The Swinging Barmaids is a 1975 American exploitation film about a serial killer who targets cocktail waitresses. The film was directed by Gus Trikonis, and stars Bruce Watson, Laura Hippe, William Smith, and Dyanne Thorne. It was re-released in 1980 as Eager Beavers.
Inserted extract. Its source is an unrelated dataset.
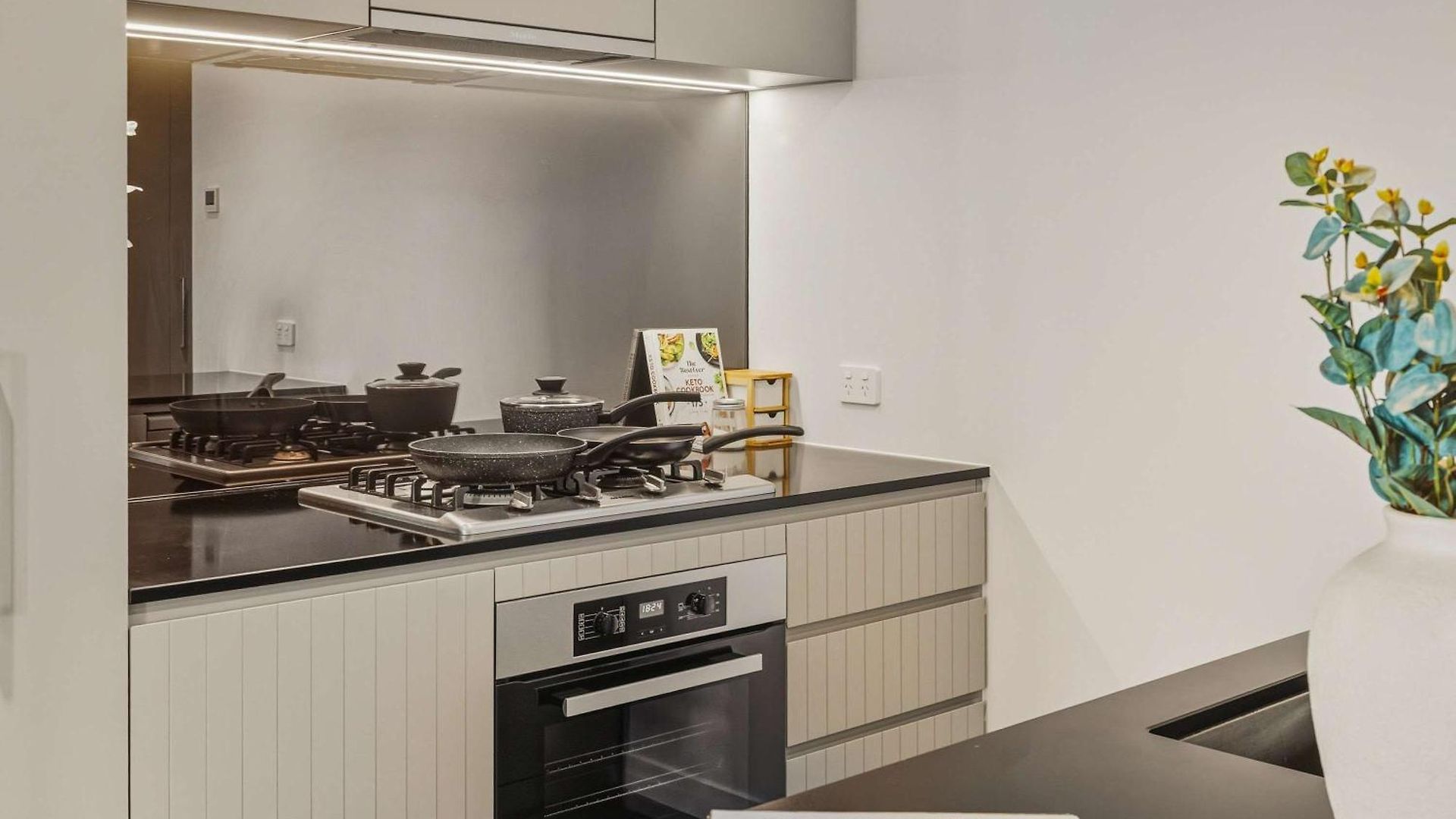 High Rise 2br In Cbd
William Smith later recalled "Jesus Christ, that was a wild fuckin’ movie! (Laughing) Yeah, that was kind of fun."

==Plot==
After murdering Boo-Boo, a cocktail waitress at the Swing-A-Ling Club, Tom, a psychotic killer, disguises himself and gains employment as a bouncer at the same club where he continues his killing spree. While police lieutenant Harry White attempts to stop him, Tom sets his sights on 'pure' waitress Jenny.

==Cast==
- Bruce Watson as Tom
- Laura Hippe as Jenny
- Katie Saylor as Susie
- Renie Radich as Marie
- William Smith as Lieutenant Harry White
- Dyanne Thorne as "Boo-Boo"
- Zitto Kazann as Zitto
- Jim Travis as Dave
- Ray Galvin as Jack
- John Alderman as Andrews
- Milt Kogan as Dan
- Judith Roberts as Sally

==Cult status==
Quentin Tarantino screened the film at his festival in 2007. A critic at the screening wrote:
This flick is kind of bizarre. It’s a serial killer flick that’s not really high on the gore or suspense. It’s a sexploitation flick without much titillation. It’s a William Smith movie where he’s kind of unthreatening (until the end when he’s as badass as you want him to be). None of that means it’s a lame movie. Not at all.
Shock magazine wrote "By normal critical standards, this is the dregs. But as no-budget 70s exploitation goes, this crap succeeds on every necessary level (I particularly enjoyed the crude, handheld camerawork during the murder scenes). Laced with fitfully sleazy kicks and a surprisingly energetic, corpse-laden finale, this inept flick is a wonderful example of the bad-is-good nature of drive-in cinema."